Most prisoners tried to bribe their way out, but we tried to bribe our way in… Friday night was the “Great Tower Lock-In”, an event associated with the worldwide “Big Draw” that is happening this month. A local art group had arranged with Her Majesty to allow 40 – 50 artists to come in to the Tower after it was closed to the public and spend the evening drawing. We registered online while in Germany, thinking we could pick up tickets at “will call”… long story short, that didn’t work as planned but we got in via the irresistible combination of guile and old age. And it was SO worth it!

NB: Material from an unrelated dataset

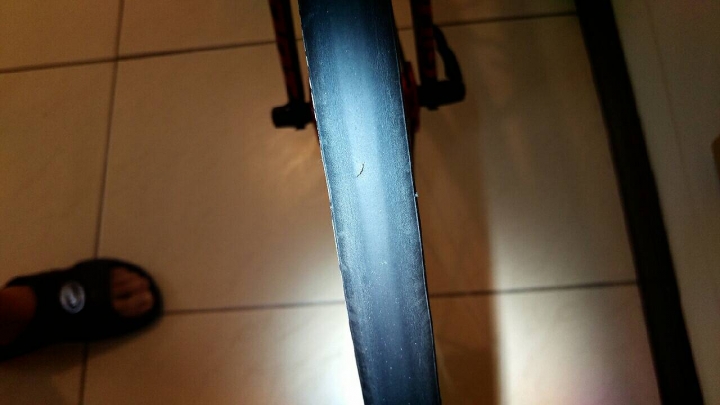 請問外胎這樣的傷口大小需更換還是可在使用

The Tower is actually a vast fortress, some of the walls and arches built more than 1000 years ago. Talk about a cool place to play Robin Hood! Of course, there is a tower – well, no, there are a bunch of towers – but there are also vistas along the river, against the castles, down into the moat – all of which were illuminated first by a gorgeous soft golden sunset then a clear cold moon. The cold was the reason why you will see no sketches of any of that – brr – until I get a chance to hopefully work from a few photos.
Griff the Navigator came along just to experience the Tower environment, and we were so glad he did. We were able to go into the chapel, sit next to the crypt where Ann Boleyn and her Beheaded Companions were laid to rest, listen to eerie monastic medieval chants, and sketch a man dressed a la King Henry. Or to climb to the King’s Bedchamber (oh, my aching knees) and sketch him in his nightshirt (the actor looked very much like Winston Churchill). All in all there were five different rooms available to us. The combination of being in The Real Tower of London, with the costumed actors and actresses, in the eerie quiet, and in the “true castle light” (i.e. not much of it) was so overwhelming that my sketches are really in need of further work. Some of the artists did amazing ‘drawrings’ though, in spite of it all. I told the organizers that now we just need to go back tonight and do it all again, since we are now mentally prepared for the impact of being there… they gave me one of those eye-brow-up British looks and smiled wanly. Oh, well, I tried.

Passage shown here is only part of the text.